現在は両親とインドネシア出身のスタッフとともに、いちご・メロン・トマトを中心とした栽培に取り組んでいます。日々のミーティングはインドネシア語で行われ、将来的にはインドネシアでの農園立ち上げも視野に入れています。
当日の体験の流れ
午前9時、鉾田市田崎の農園「村糸」に参加者が集合。まずは井関さんによる施設見学と栽培説明からスタートしました。今回の体験はいちごがメインではありますが、メロン栽培の様子も見学させていただきました。

村糸では、高設ベンチと土耕の2つのスタイルでいちごを栽培しています。この2つの方法をあえて採用しているのは、目標としているインドネシアでの農園立ち上げの際に、現地に適した栽培方法を選べるようにするためとのことです。

高設ベンチでのいちご栽培の様子。
ハウス内にウォーターカーテンを張り巡らせて保温し、高設ベンチ内には温湯管を備え付けて地温をコントロールするのが、井関さんのこだわりです。年間を通して温度が安定している地下水を用いるので、外気が冷え込む日も暖房に頼らずに済みます。

ハウスの屋根に張り巡らされたウォーターカーテン
ハウス内のCO₂濃度も細かく管理するなど、実際に見学させていただき、お話を伺うと目に見えない数字にまで気を配る精密さを感じました。「地温の貯金、という感覚で管理しています」と井関さんはお話しされます。
9時30分からはいちごの収穫を実際に体験しました。インドネシアからの実習生のお二人に教わりながら、いちごの見分け方や傷つけずに収穫する方法を学んでいきます。


お昼休憩を挟みながら、午後も作業は続きます。お昼休憩では地元の人気店のお弁当をいただきました。
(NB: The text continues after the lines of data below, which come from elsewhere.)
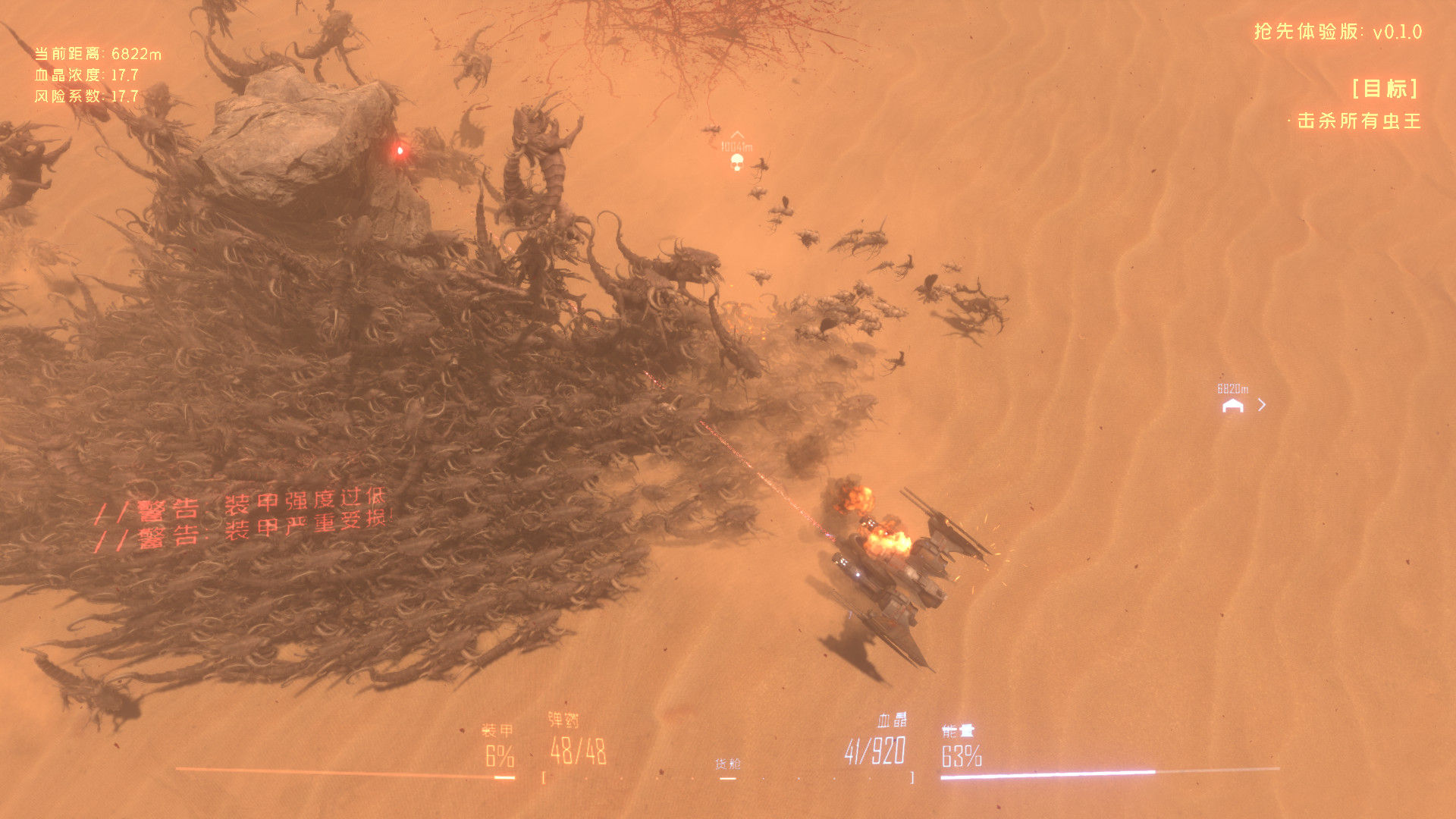 Insect Swarm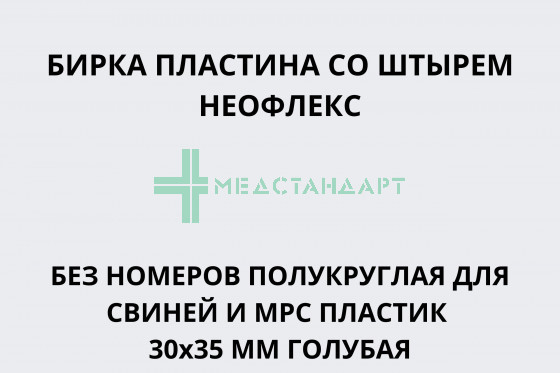 Бирка пластина со штырем Неофлекс без номеров полукруглая для свиней и МРС пластик 30х35 мм голубая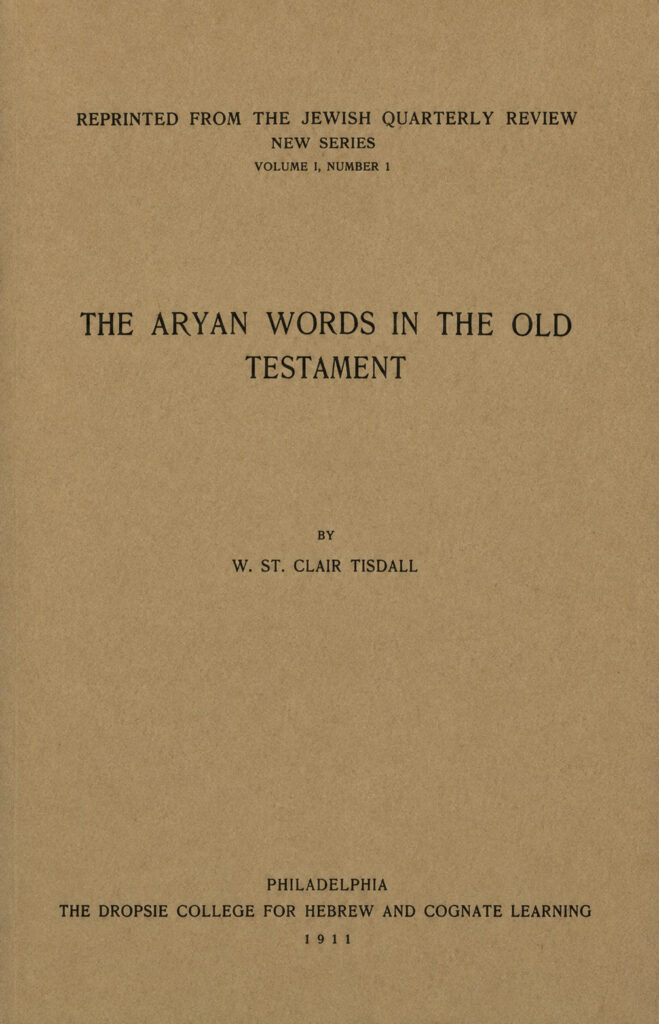 Book Cover of THE ARYAN WORDS IN THE OLD TESTAMENT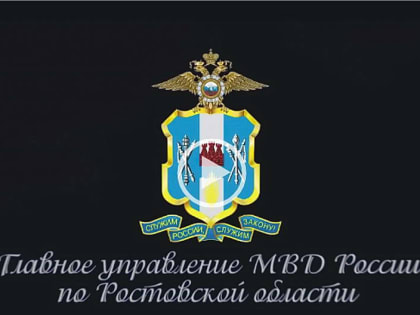 В Ростовской области задержали банду, грабившую магазины с игрушечным пистолетом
13時からはいちごのパック詰め・手入れ体験がスタート。

いちごは触った部分から傷みはじめてしまう繊細な食品。見た目の美しさと鮮度維持の両立が重要なため、効率を意識しながらも丁寧に行わねばならない、非常に緊張感のある作業です。いちごの重さ、大きさ、形を見極めて決まった並びでパックに詰めていきます。出荷や保存の形態に合わせて、さまざまな専用資材が使用されていることも印象的でした。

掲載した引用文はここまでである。